Restate all data exactly. No images.

DATA EXCERPT:

===============

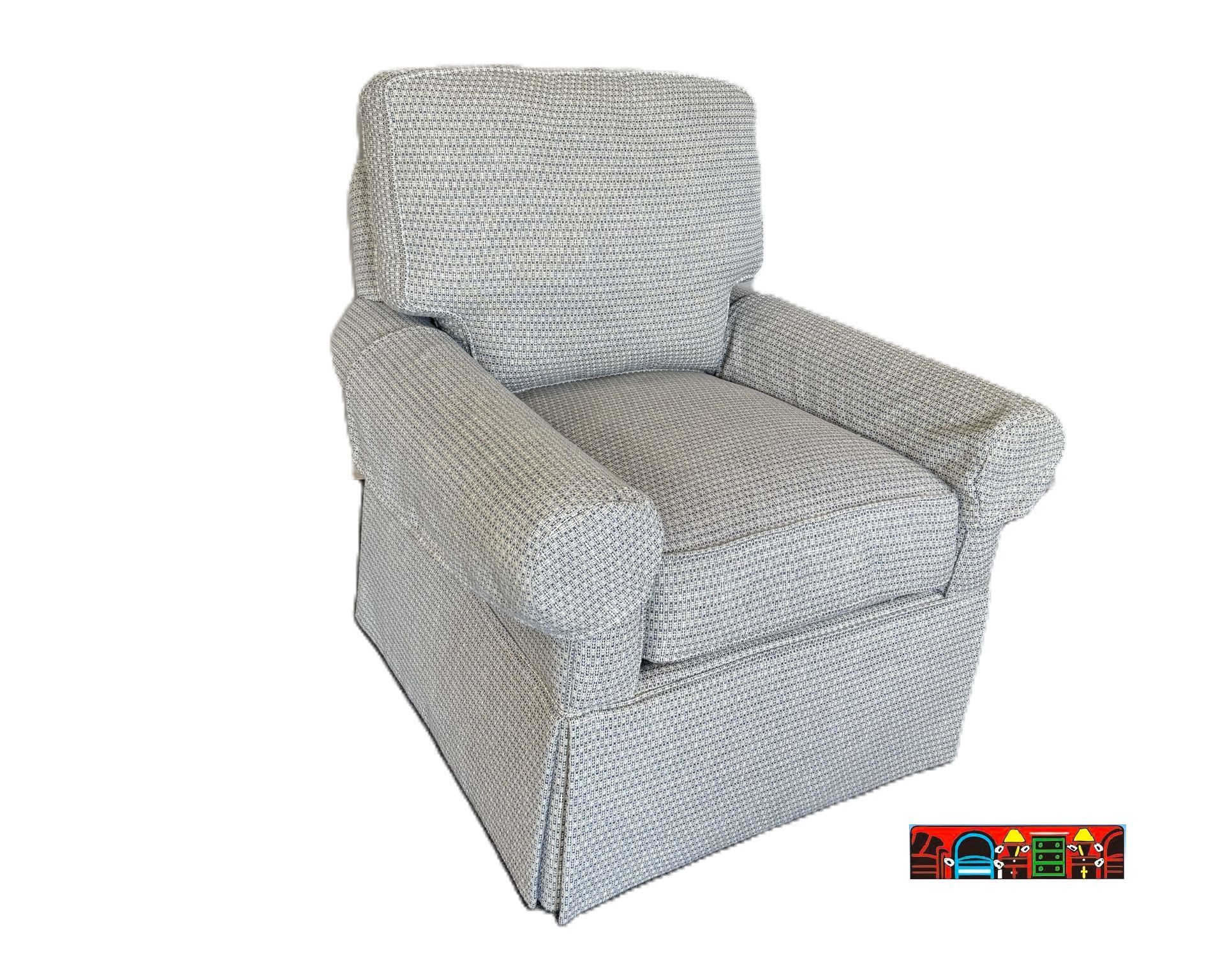 'A gently used club chair upholstered in grey/blue fabric, featuring rolled arms, a skirted base, and reversible cushions. The set includes one stationary chair and one swivel chair.'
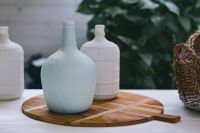 Kaboompics - Pale Blue Glass Bottle and White Jars on a Wooden Board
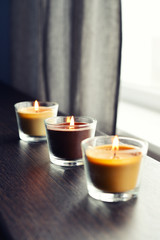 Cosy candles on an wooden table
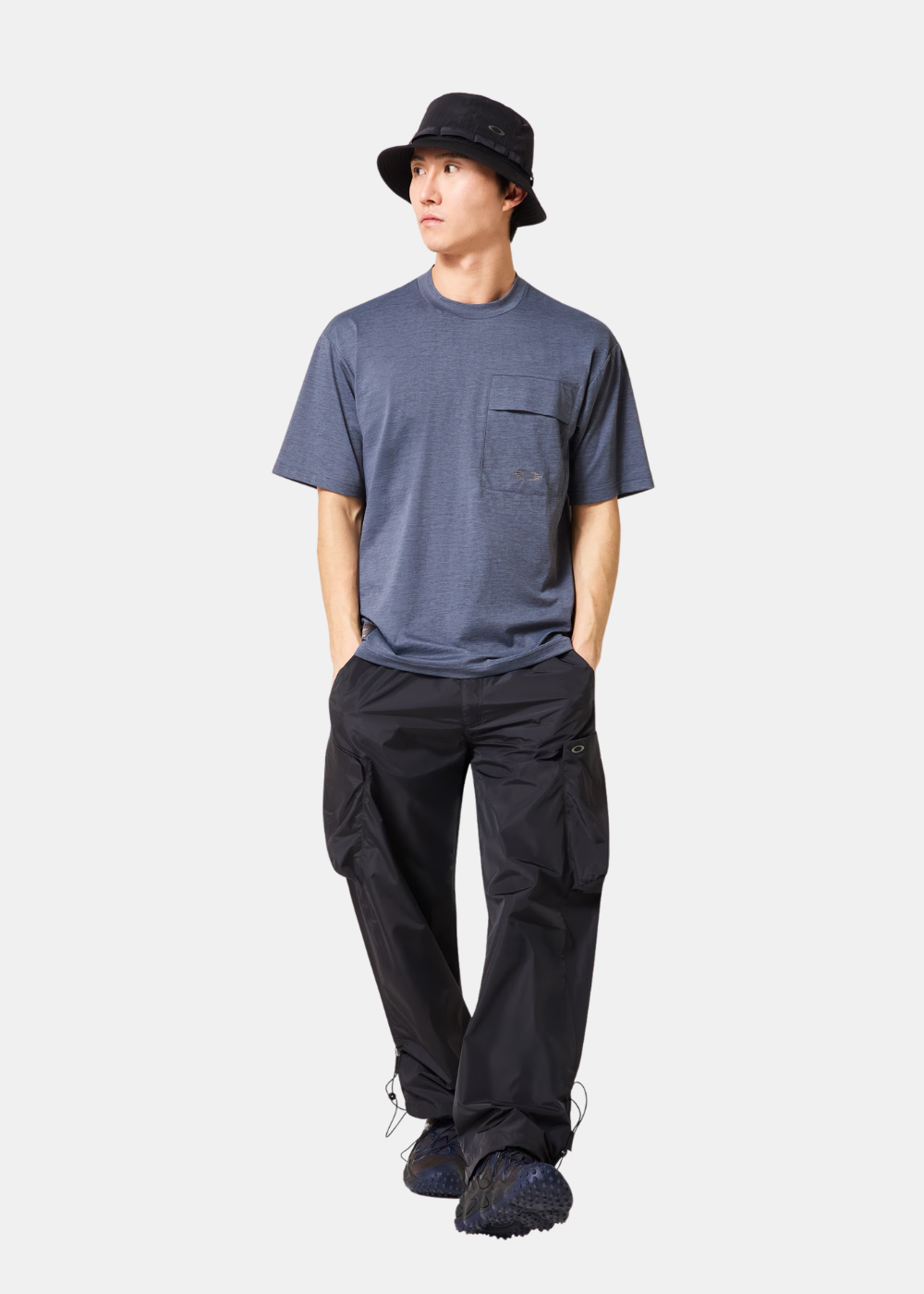 Homme portant un t-shirt bleu chiné Oakley, un pantalon cargo noir, un chapeau bob et des chaussures de sport.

===============

EXERCISE RESULT:
 'A gently used club chair upholstered in grey/blue fabric, featuring rolled arms, a skirted base, and reversible cushions. The set includes one stationary chair and one swivel chair.'
 Kaboompics - Pale Blue Glass Bottle and White Jars on a Wooden Board
 Cosy candles on an wooden table
 Homme portant un t-shirt bleu chiné Oakley, un pantalon cargo noir, un chapeau bob et des chaussures de sport.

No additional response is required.